++Jane Meyer's writing documented how the Bush administration went ,in Dick Cheney's word, to the "dark side." In the latest issue of the New Yorker, she writes about "The Real Torture Patriots".
++Her basic point was that President Obama missed an opportunity to send a strong message to the C.I.A. about the past and that he tried to play the issue of the release of the Torture report both ways. Meyer argues that he and Brennen wanted to "save the building",implying career officers could not take hard criticism and so he referred to them as "American patriots" when he should have mentioned people within the last Administration who tried to prevent such practices.
++I can think of William Howard Taft IV at the State Department who openly opposed the torture memos of Yoo. The Military Advocate General opposed torture. Meyer cites Ali Soufan,an FBI interrogator who served as a whistleblower to the harsh interrogations and showed they were useless for intelligence. Bush appointee Alberto Moira,the former General Counsel for the US Navy, risked his job by protesting loudly.

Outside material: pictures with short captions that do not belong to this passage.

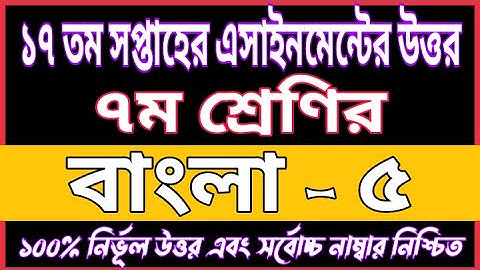 Class 7 BANGLA Assignment Answer 17th Week 2021 | 17th Week Bangla Assignment Answer | Bangla Answer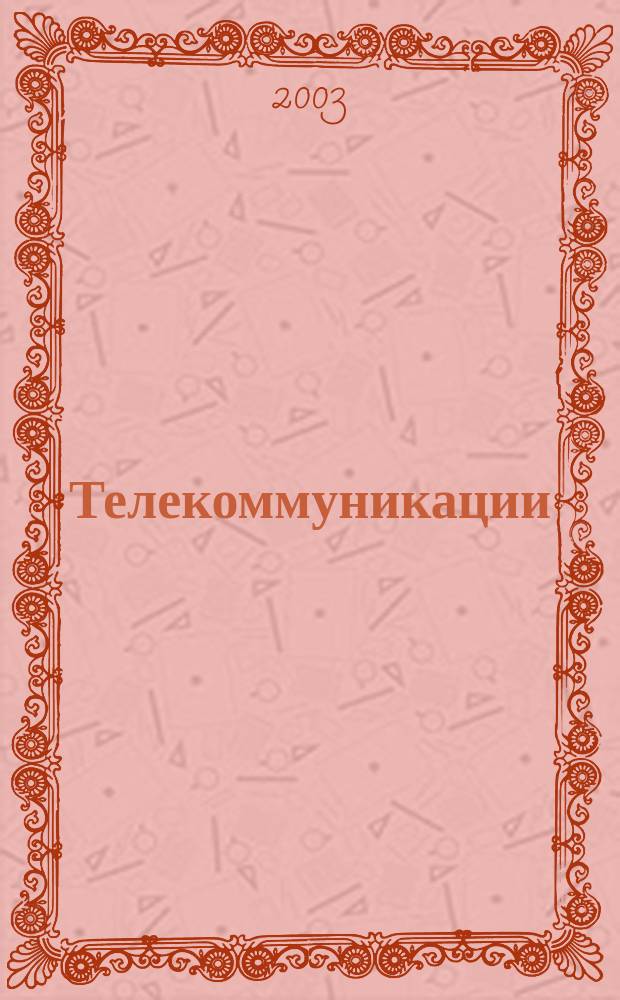 Телекоммуникации : Ежемес. произв., науч.-техн., информ.-аналит. и учеб.-метод. журн. 2003, № 6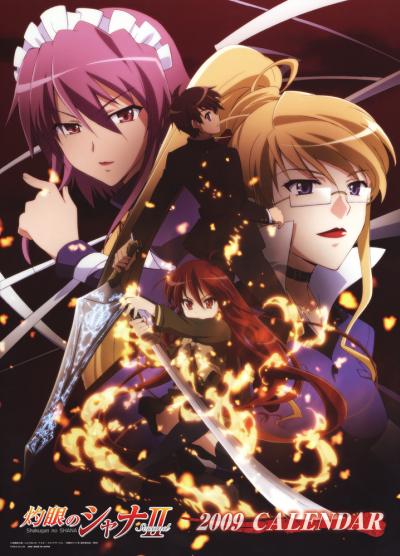 Shakugan no Shana เนตรเพลิงชานะ (ภาค1-3) พากย์ไทย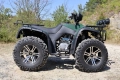 ATV Shineray 250 кубика, снимка 4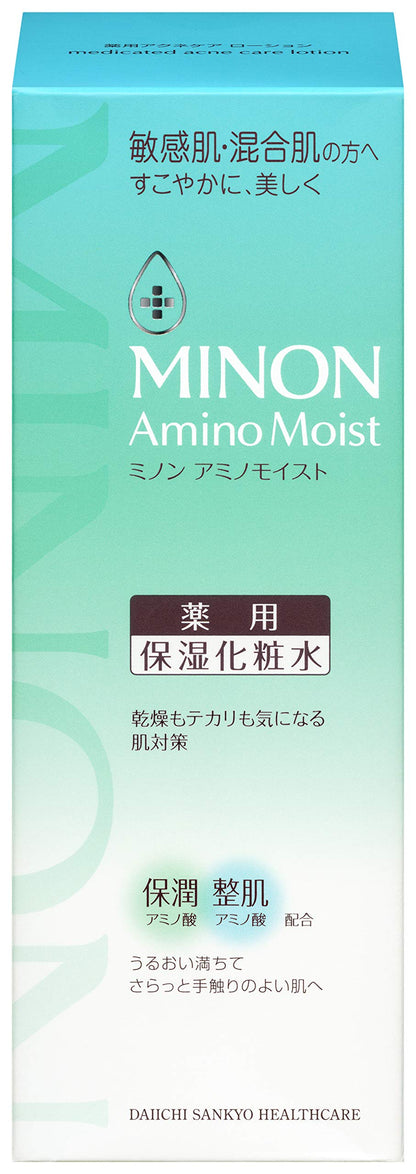 MINON Amino Moist Care Lotion 150mL for Hydration and Gentle Care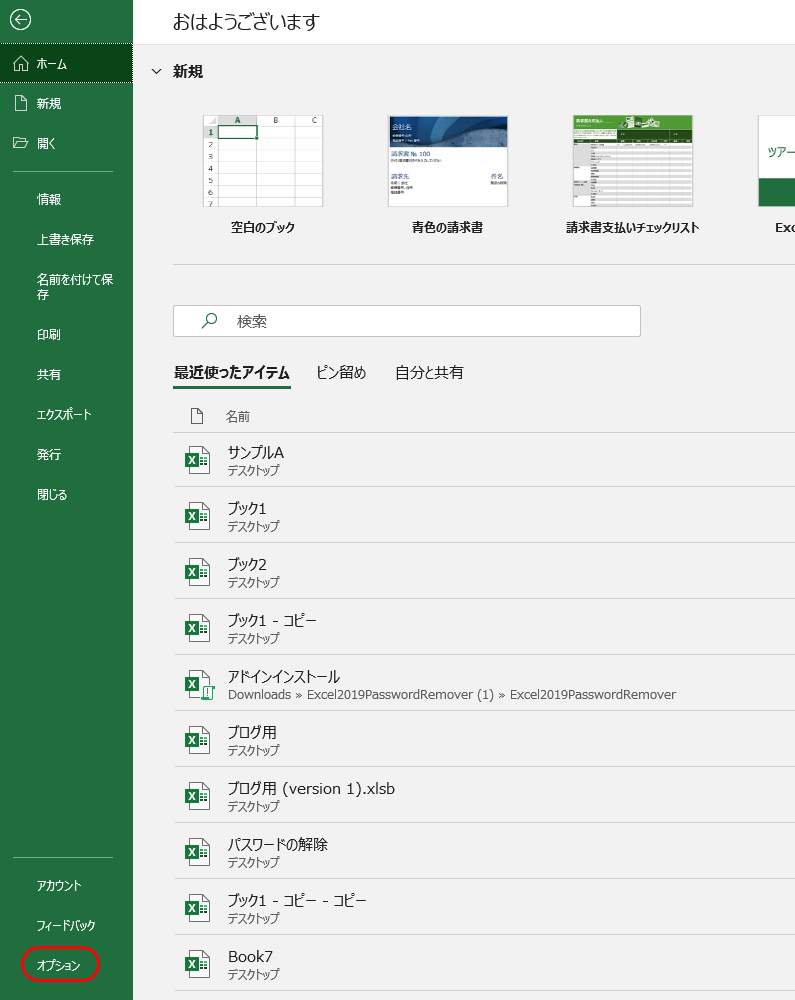 エクセルでパスワードを忘れた時の対処法と解析方法を覚えて万全にしましょう World From Excel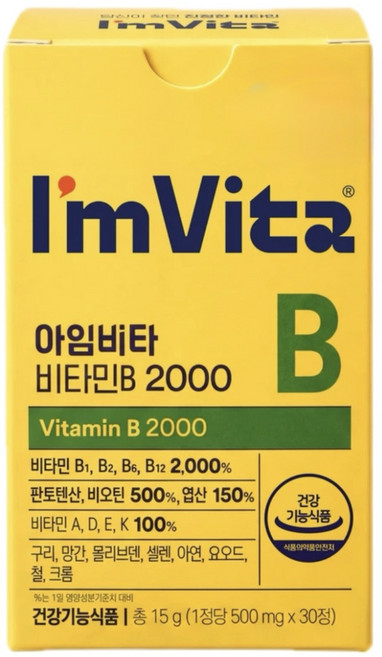 종근당건강 아임비타 비타민B 2000 (30일분), 1개, 30정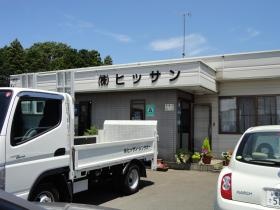 事業所の情報＿００２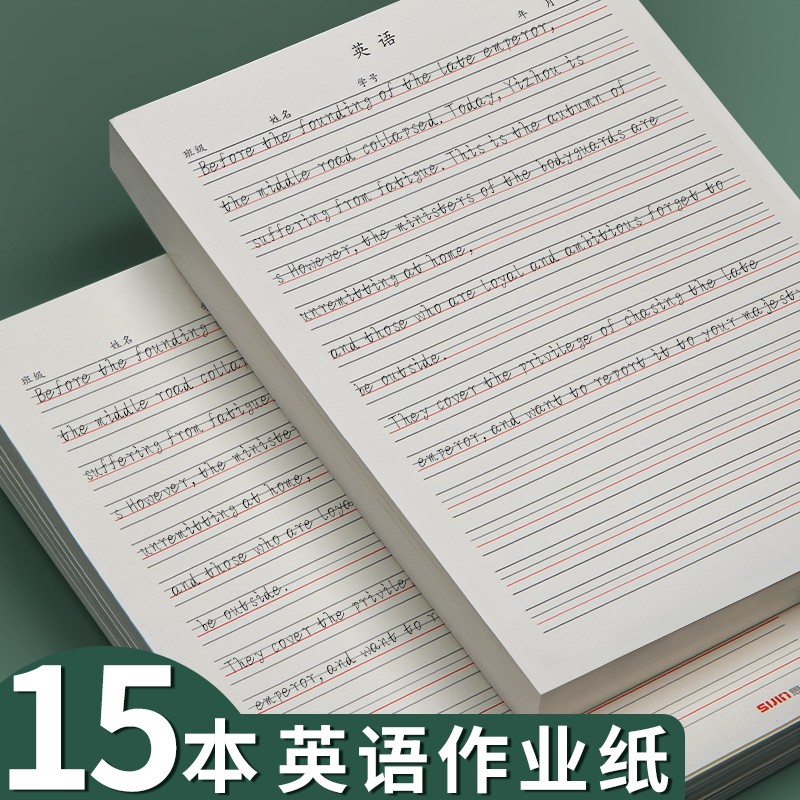 思进英语作业纸：小学生到大学生必备神器，书写英语新天地
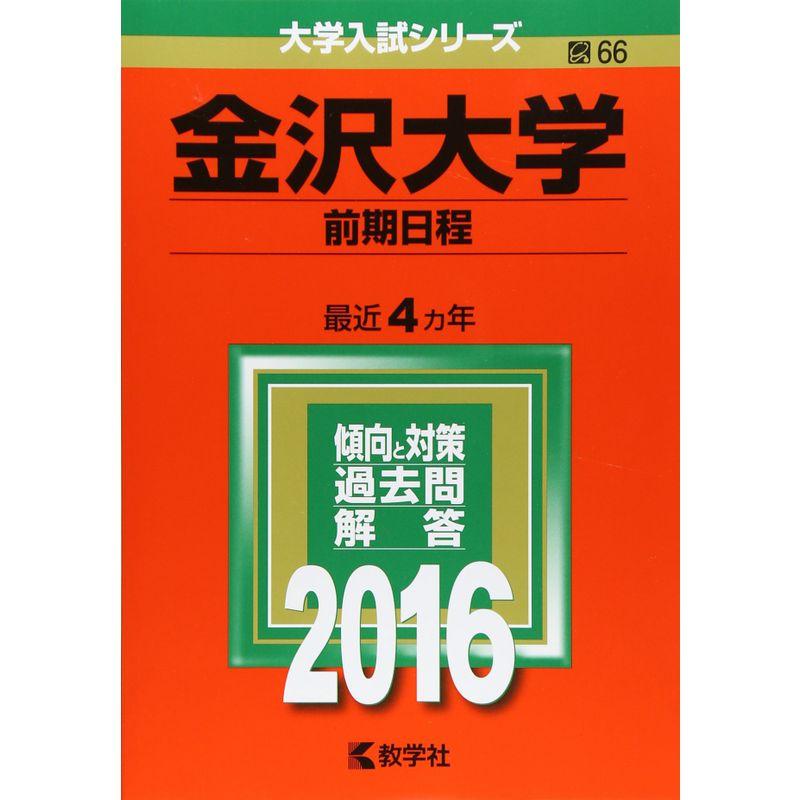 金沢大学(前期日程) (2016年版大学入試シリーズ)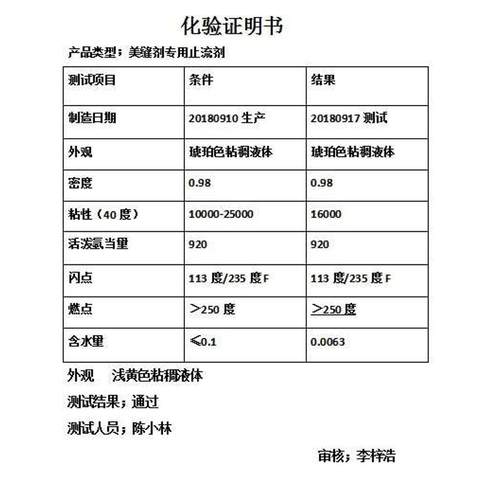 变剂剂美防水缝流提供高粘度剂止by607美 配方缝 剂触专用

++Meyer recalls that internal resistance to torture was so loud and persistent that John Helgerson, the CIA's Inspector General,conducted a serious and influential investigation that led the Justice Department to ask the Agency to suspend the program until it could be reconciled with the law. Eventually, the Supreme Court stopped it.
++Sadly,even after Ronald Reagan ratified the Torture Convention, the issue has now become so politicized that torture defines you politically.